The acoustic model training method according to one aspect of this disclosure, further comprises providing first status information indicating a status of the first training job to a second user different from the first user, based on a first disclosure instruction from the first user.
The acoustic model training method according to one aspect of this disclosure further comprises displaying the first status information on a first device used by the first user, and displaying the first status information on a second device used by the second user based on the first disclosure instruction.

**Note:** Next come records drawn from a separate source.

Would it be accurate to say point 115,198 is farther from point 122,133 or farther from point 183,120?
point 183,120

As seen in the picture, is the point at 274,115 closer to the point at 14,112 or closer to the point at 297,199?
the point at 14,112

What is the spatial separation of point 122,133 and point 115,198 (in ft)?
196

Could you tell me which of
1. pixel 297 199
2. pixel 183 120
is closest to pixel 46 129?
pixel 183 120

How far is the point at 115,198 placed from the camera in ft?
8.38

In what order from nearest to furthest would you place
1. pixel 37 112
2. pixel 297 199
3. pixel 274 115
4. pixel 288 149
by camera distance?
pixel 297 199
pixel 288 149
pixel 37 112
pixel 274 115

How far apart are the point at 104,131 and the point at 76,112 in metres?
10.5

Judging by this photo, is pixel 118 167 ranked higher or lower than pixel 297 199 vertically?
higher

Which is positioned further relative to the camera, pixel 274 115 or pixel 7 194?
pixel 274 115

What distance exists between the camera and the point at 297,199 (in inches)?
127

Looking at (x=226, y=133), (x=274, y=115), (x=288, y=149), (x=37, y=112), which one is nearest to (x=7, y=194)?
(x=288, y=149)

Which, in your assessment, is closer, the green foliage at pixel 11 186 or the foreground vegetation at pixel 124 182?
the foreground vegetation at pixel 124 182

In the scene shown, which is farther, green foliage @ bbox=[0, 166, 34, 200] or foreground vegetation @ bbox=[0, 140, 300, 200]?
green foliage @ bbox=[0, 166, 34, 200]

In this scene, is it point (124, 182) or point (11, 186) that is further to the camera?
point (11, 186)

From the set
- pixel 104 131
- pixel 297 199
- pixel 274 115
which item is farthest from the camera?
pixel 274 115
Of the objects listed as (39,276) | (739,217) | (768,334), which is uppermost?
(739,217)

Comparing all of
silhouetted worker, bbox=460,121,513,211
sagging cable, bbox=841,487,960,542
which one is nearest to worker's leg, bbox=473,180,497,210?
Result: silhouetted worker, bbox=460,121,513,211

In the acoustic model training method according to one aspect of this disclosure, the status of the first training job changes with passage of time, and the acoustic model training method further comprises displaying the first status information on a second device used by the second user such that the first status information is repeatedly updated.
The acoustic model training method according to one aspect of this disclosure further comprises displaying a progress of the status of the first training job as the first status information.
The acoustic model training method according to one aspect of this disclosure further comprises displaying the first status information at a timing of a disclosure request on a second device used by the second user based on a disclosure request made by the second user.
The acoustic model training method according to one aspect of this disclosure further comprises receiving, as a second waveform set, one or more waveforms newly selected by the first user using the interface, and starting execution of a second training job using the second waveform set, based on a second execution instruction from the first user, and the first training job and the second training job are executed in parallel.
The acoustic model training method according to one aspect of this disclosure, further comprises providing at least one of first status information relating to the first training job or second status information relating to the second training job, or both, to a second device of a second user different from the first user, based on a disclosure instruction from the first user.
The acoustic model training method according to one aspect of this disclosure, further comprises billing the first user in accordance with a first execution instruction from the first user, and starting execution of the first training job upon confirmation of payment for the billing.
The acoustic model training method according to one aspect of this disclosure, further comprises receiving a space ID that specifies a real space, and linking the space ID with account information of the first user for a service that provides the acoustic model training method.
The acoustic model training method according to one aspect of this disclosure further comprises billing the first user having the account information linked to the space ID.
The acoustic model training data according to one aspect of this disclosure further comprises receiving musical score data representing sounds constituting a musical piece played in the real space, together with sound data of recording of singing or performance sounds during at least a portion of a playback period of the musical piece, and storing, as one of the plurality of pre-stored sound waveforms, the sound data linked with the musical score data.
The acoustic model training method according to one aspect of this disclosure, further comprises recording the sound data of a specified period of the playback period, based on a recording instruction from the first user.
The acoustic model training method according to one aspect of this disclosure further comprises playing back the sound data in the real space based on a playback instruction from the first user, and inquiring the first user as to whether to store the sound data played back in accordance with the playback instruction as the one of the plurality of pre-stored sound waveforms provided to the first user.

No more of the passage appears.